The US-China trade war isn’t about trade anymore. It’s about whether the world, in the coming decades, will be dominated by a capitalist democratic system or by Beijing.

Beijing started the ‘war’ in the 1990s, with its mercantilism and serially unkept commitments on market access and intellectual property protection.

Following China’s accession to the World Trade Organisation in 2001, which was over-sold to the US public with promises that trade would lead to motherhood and apple pie in China, these problems only grew.

Now loaded with cash, Beijing makes it clear that China is not interested in playing by the rules of Western institutions. ‘Negotiations’ won’t change this.

Like him or not, Trump is the first president to do something about it. His tariffs have provoked an energetic, long-overdue conversation in the West about the reality of China.

Beijing’s unfavourable portrayal of Trump makes it politically difficult for Xi to make concessions, though it’s unlikely anyone in Trump’s administration would believe more promises from Beijing, anyway. In a sign of confusion, or perhaps desperation, Beijing is trying to enlist Tokyo’s help in tackling the steel tariffs. Good luck with that.

The US and Japan will come to some modus vivendi on steel tariffs, while they work out a longer-term trade agreement, either bilateral or a US return to the Trans Pacific Partnership, which Trump, keeping a major campaign promise, abandoned on his first Monday in office.

Rejoining the TPP doesn’t have to be a ‘read my lips: no new taxes’ moment for him. His base, seeing Beijing respond politically and cynically — China’s retaliatory tariffs target exports from regions that are home to Trump voters — will understand, helped along by low unemployment and a growing economy.

It may take some years and economic pain, but Americans will accept it and move on. So will the Japanese. What they won’t accept is a world dominated by Beijing.

The biggest reason for the US to return to the TPP is to fortify friendships and alliances that may be needed to keep in check the Chinese military expansion that has taken place since Xi came to power.

Despite assurances to the contrary, Beijing has continued efforts to militarise artificial islands it built in its neighbours’ exclusive economic zones in the South China Sea.

Both this expansion and Beijing’s recalcitrance make it as much a problem for Japan as for the countries — Vietnam, Philippines, and Malaysia — into whose resource-rich neighbourhoods Beijing has moved. Abe is likely to fully support the United States’s efforts on this issue.

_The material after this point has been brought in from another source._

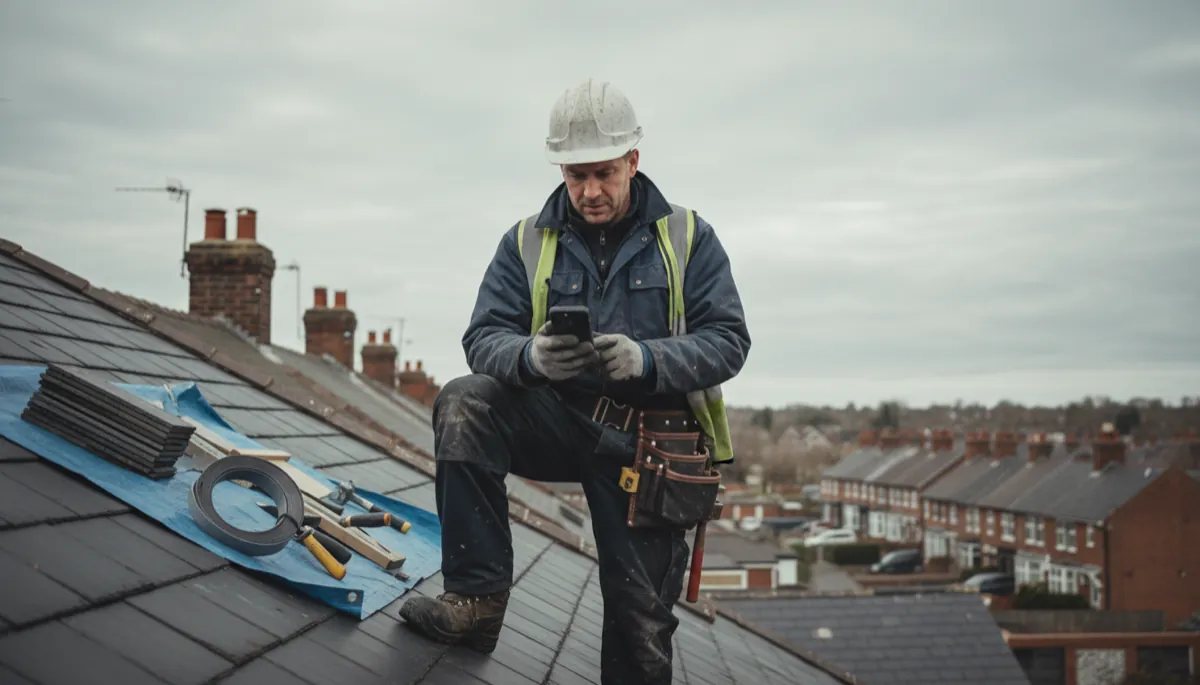 A British roofer in work gear on a roof checking business enquiry notifications on a smartphone between jobs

The news of a Trump-Kim meeting prompted this week’s face-to-face, requested by Tokyo, over concerns that Trump might settle for a deal with North Korea that protects the United States, but leaves Japan, minutes away by ballistic missile, exposed.

This proximity makes Kim’s threats existential to Japan’s big cities. Abe wants a dismantling of the North’s nuclear and missile capability, a position on which he has likely gained comfort, since Trump added two North Korea hawks to his administration last month.

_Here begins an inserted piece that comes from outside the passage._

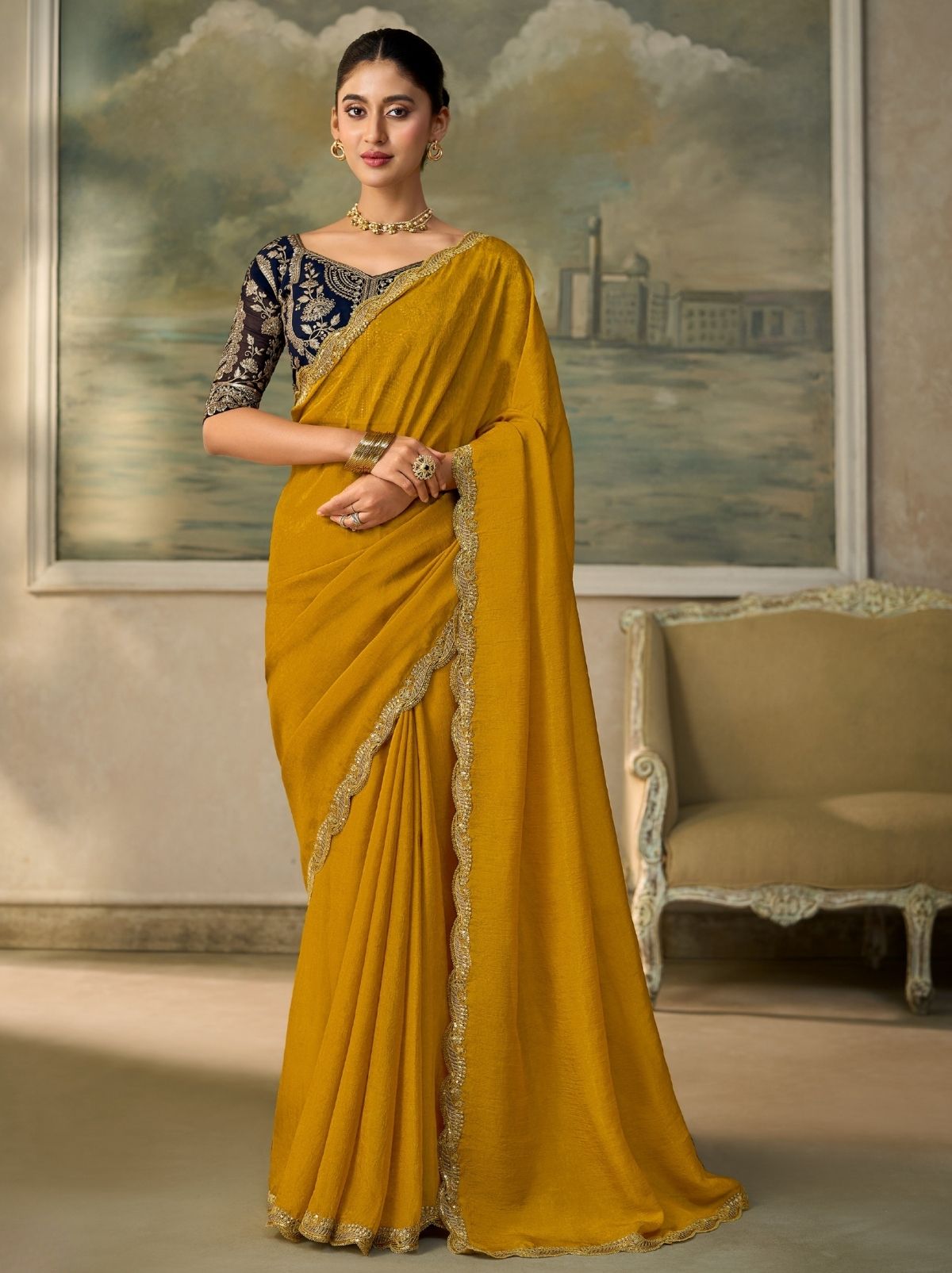 Mustard Yellow Regal Embroidered Saree with Blouse Piece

US secretary of state nominee, Mike Pompeo, and national security adviser, John Bolton, are about as inclined to negotiate over the North’s nuclear and missile capabilities as Trump is over China’s trade policies.

It’s unlikely that Abe and Trump will show anything for the cameras other than a united front and the bonhomie that goes with that.

So expect a successful meeting, though little in the way of progress on the issues they face.

To solve any of these seemingly insoluble problems, China will have to really be in the room with them, and it won’t come in seeing eye-to-eye, like Abe and Trump generally do.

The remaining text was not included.